Sangha of the Month for December 2016: Wake Up Little Saigon
How would you describe Wake Up Little Saigon (WULS)?
Diệp: WULS is a community of young people from Orange County (OC), California, who enjoy gathering together for meditation, fun activities, and support. We come from different backgrounds and have different hobbies, but when we are together (or not), we have one thing in common: we seek peace from within through mindfulness. We bond by sharing what makes us happy, sad, scared, and any other emotions; we also listen to each others’ Dharma sharings and sometimes give feedbacks from our own experiences. However, the community is not limited to those who reside in OC. The community welcomes anyone who want the same things because no matter where we live, we inter-are.
Trâm: WULS is welcoming, loving, and caring. We are brothers and sisters outside of our immediate family.
Jason: Early on it was quite small and mostly people you knew, but now we often meet one or two new faces every time. For me, coming to a WULS Sangha meeting is a nice break from a busy week – sometimes a rare moment where you can actually sit in peace and reflect on the week’s events.

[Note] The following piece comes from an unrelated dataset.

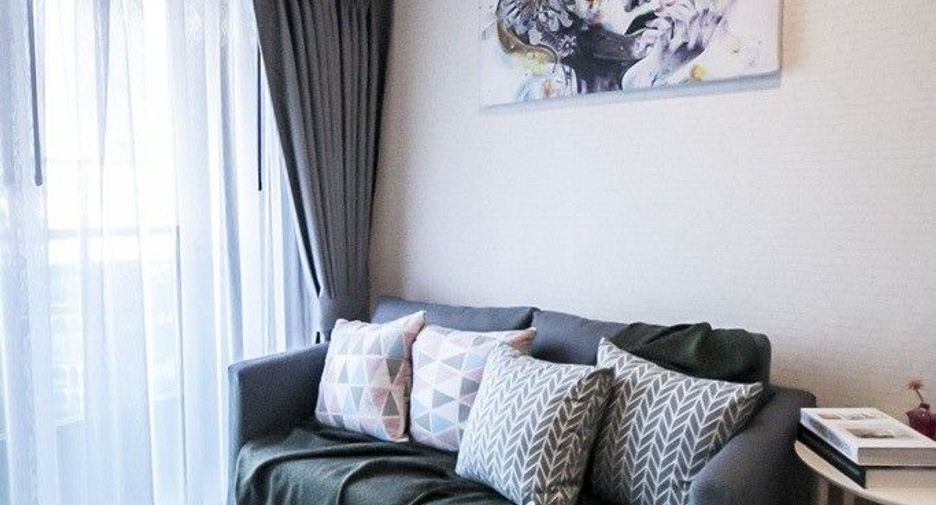 For sale 1 bed condo in Din Daeng, Bangkok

Trâm: For me it means to slow down and look within. I’ve learned so much from the practice and the Sangha. I’ve learned to let go and not take things so seriously. I incorporate what I’ve learned from the practice and Sangha in my every day routine. Walking the dogs used to be a chore, but since learning about being mindful, I am enjoying every moment of the walk instead of just looking forward to the end of the walk. Doing the dishes and sweeping the leaves aren’t chores either! It’s just a part of my training to do working meditation each day. Also with driving, I am not in a rush to get to my destination; I just take my time knowing that I will arrive eventually. Overall, I’ve learned to slow down and take in every moment of my life. Remembering to breathe and smile.
What activities you’ve done so far as a Sangha outside the Sangha sessions?

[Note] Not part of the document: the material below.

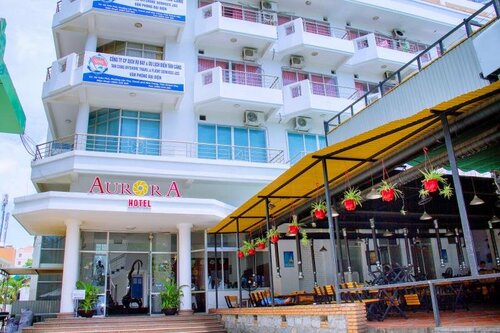 Гостиница Aurora Nha Trang Hotel в Нячанге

Thắng: The members in our group have quite different interests besides the shared interest in mindful living. We have volunteered to cook and serve meals to the homeless in our community, fundraised for the Sister’s hamlet at Deer Park Monastery by running a 10K race, marched with the monastics at San Diego’s LGBTQ Pride Parade, went hiking, kayaking, stargazing, potlucking, and even gathered for an evening of Vietnamese poetry and music.

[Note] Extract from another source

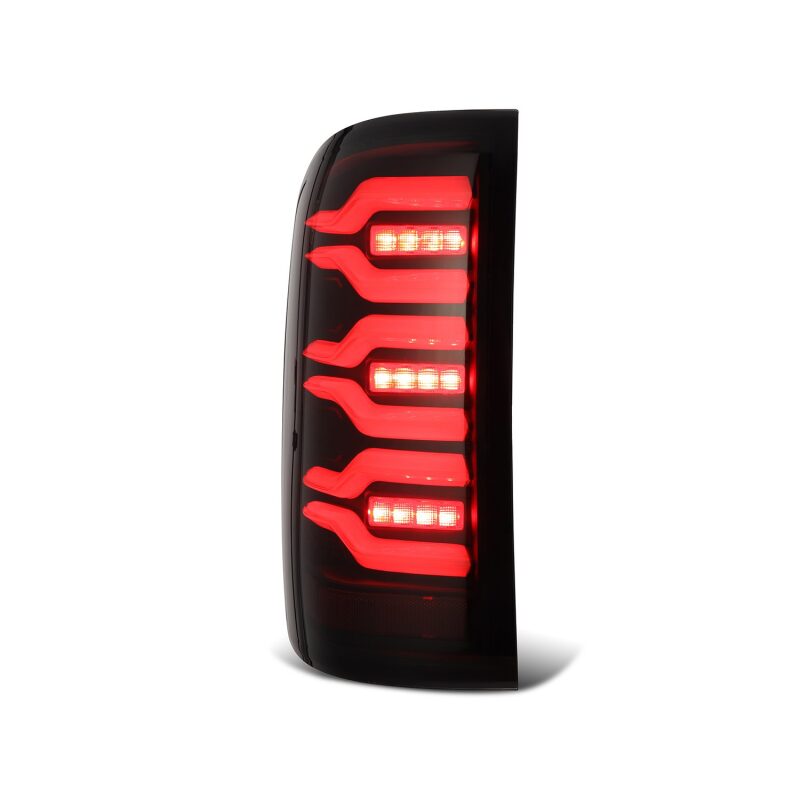Product image 5 showing the AlphaRex tail lights identified as ARX630040.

Which activities outside the Sangha you enjoyed the most and how they nourished you?
Ken: Fun games, physical activities!
Thắng: We like to play children games like kicking the shuttlecock (đá cầu, Vietnamese version of hacky sack).
Tín: Biking to the beach and walking on the sand, watching the meteor shower in the desert of Joshua Tree. These activities are very relaxing; they bring me closer to nature.
How do you strengthen your brotherhood and sisterhood and practice with the all-ages Sangha?
Thắng: We love our all-ages Sangha! Some of us are transitioning out of the “Wake Up age” so interacting with the all-ages Sangha comes naturally. Our local Sangha, Xóm Dừa (the Coconut Grove Sangha), puts on an annual fundraising luncheon that we have been participating for the last three years. We also enjoy Tết parties hosted by another local Sangha, Nụ Hồng (the Rose Bud Sangha). Being in Little Saigon we have many loving all-ages Sanghas that support us on our path, whether through mentorship or providing food for us at our annual spring retreats.
Is everyone in Wake Up Little Saigon Buddhist?
Thắng: I think most of us were raised Vietnamese Buddhist, meaning we went to Buddhist temples once or twice a year during the holidays, while others went to the temple regularly. Many members were raised in non-Buddhist traditions also.
Have you had any difficult moments? What were they?
Arden: Being a part of WULS has given me the opportunity to look deeply at my wrong perceptions and transform them. When I was younger, I struggled with internalized racism against myself and others of Asian – specifically Vietnamese – heritage. I guess it was a result of me rejecting what I found to be an oppressive upbringing and wanting to fit in with the values of Western culture/society. Being a part of WULS has helped me to recognize the barriers I have constructed within myself that have prevented me from embracing my ethnic roots. I call this my “difficult moment” because initially I did not feel comfortable in the Sangha. Sometimes I still don’t on more subtle levels. But now I know how to smile at my discomfort. I have come a long way from changing this attitude, but I know there is still work to be done. My brothers and sisters in the Sangha don’t know it yet, but they help me a lot just by being there.